SPUs, Arm CPUs and FPGAs: SoftIron talks hardware acceleration

SoftIron, the startup storage supplier, use Arm processors instead of x86 CPUs for controllers in its Ceph-based HyperDrive. This provides scale-out storage nodes behind a storage router front-end box which processes the Ceph storage requests. It also has an Accepherator FPGA-based erasure coding speed-up card.

In this email interview SoftIron co-founder and CEO Phil Straw explains that Arm-powered storage is not the be all and end all. Indeed, FPGA acceleration can go further than Arm CPUs.

Phil Straw

Blocks & Files: What did you learn by using Arm?

Phil Straw: “What we learned with ARM is that the core itself is not magic in and of itself but it does have things you can lean on over and above x86. ARM is just a hardware executor of sequence, selection and repetition…and in many ways it is weaker than x86 (often). It is low power and has a different IO architecture. 

“We took ARM and made it an IO engine that does compute (to serve storage); which makes an awesome storage product in one category. That is to say we did not take a computer and make it a storage product. That’s what we really discovered. ARM for us is low power and awesome at spinning (disk) and hybrid (flash+disk) media.

Blocks & Files: That’s the disk and disk-flash area. What do you use with all-flash storage?

Phil Straw: “We are also agnostic about technology and we are now servicing SSD/NVMe with x86 and doing the same things (not building computers but coming low level and leveraging AMD Epyc as a storage-from-birth architecture)…the results are also spectacular.
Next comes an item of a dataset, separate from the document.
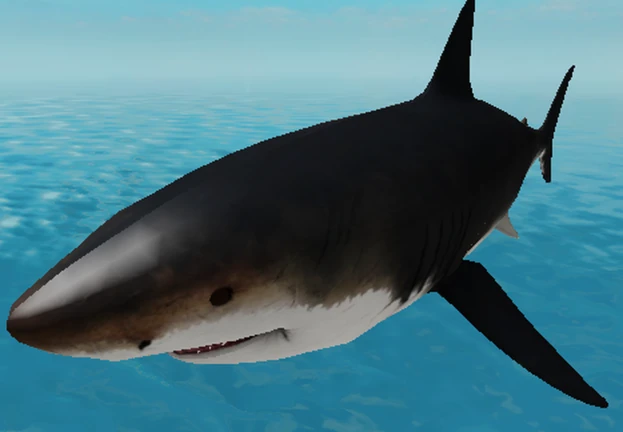 Stranded(Preview) thumbnail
More soon.

Blocks & Files: Tell us about host server CPU offload.

Phil Straw: “I think what is interesting here is not the ARM versus xxx debate or ARM being in any way a magic sauce. What is interesting is that storage and SDS in particular can have the potential to need processing. Adding extra tasks outside of the main processing does provide advantages. 

“We at SoftIron have already demonstrated erasure coding inline with the network-attach. More to come there too because the advantages are there to be had. The extra processing can be useful either inline in the network or just as an adjunct to main processing. What is interesting is the idea of hand off, parallelism and avoiding dilution of input and output to storage and network.

Blocks & Files: Why are X86 server CPUs ill-suited to this kind of work?

Phil Straw: “Often when you take a computer the I/O paths are not optimised and by that I mean at all the levels in the stack. Firmware in the configuration of the processor, NUMA, UEFI/BIOS, kernel, drivers and the storage stack. Also in hardware as the chip is connected and used. As a result the storage throughput can be as much a half diluted by this phenomenon (SoftIron empirical test data, proven in x86 and ARM design) or, said another way, doubled by doing it custom for storage. 

Blocks & Files: Is such optimisation all that’s needed?

Phil Straw: “For us the biggest yield has not been in extra compute once the bottom up design is for storage (and not a computer first) but the laws of compute and physics do always benefit from parallelism. They almost have to always. For this reason we use FPGA’s and have replicated hardware that sits inline with the network. This allows choke point compute that would be serialised in a processor to be handed to a highly parallel engine. The ARM processor network path is similar but different. We tried this path before we ended up using FPGAs for storage acceleration…for these reasons above.


Softiron is one of three startups that are using ARM processors for their storage controllers – the others are Nebulon and Pliops.

Nebulon is shipping a storage processing unit (SPU) to control aggregated storage in servers.

Pliops is developing an SPU that functions as a key-value (KV) based storage hardware accelerator, sitting in front of flash arrays, that speeds storage-related app processing and offloads the host server CPU. It works with block storage and key:value APIs and says its Pliops Storage Processor accelerates inefficient software functions to optimise management of data persistence and indexing tasks for transactional databases, real-time analytics, edge applications, and software-defined storage (SDS).

The idea of adding hardware-acceleration to storage related processing as a way of both speeding storage work and offloading host server CPUs emerged in 2020. It was part of the overall data processing unit (DPU) concept, with specific hardware used to accelerate storage, security, network and system composing workloads.

Blocks & Files thinks we will hear much more about DPUs and SPUs in 2021.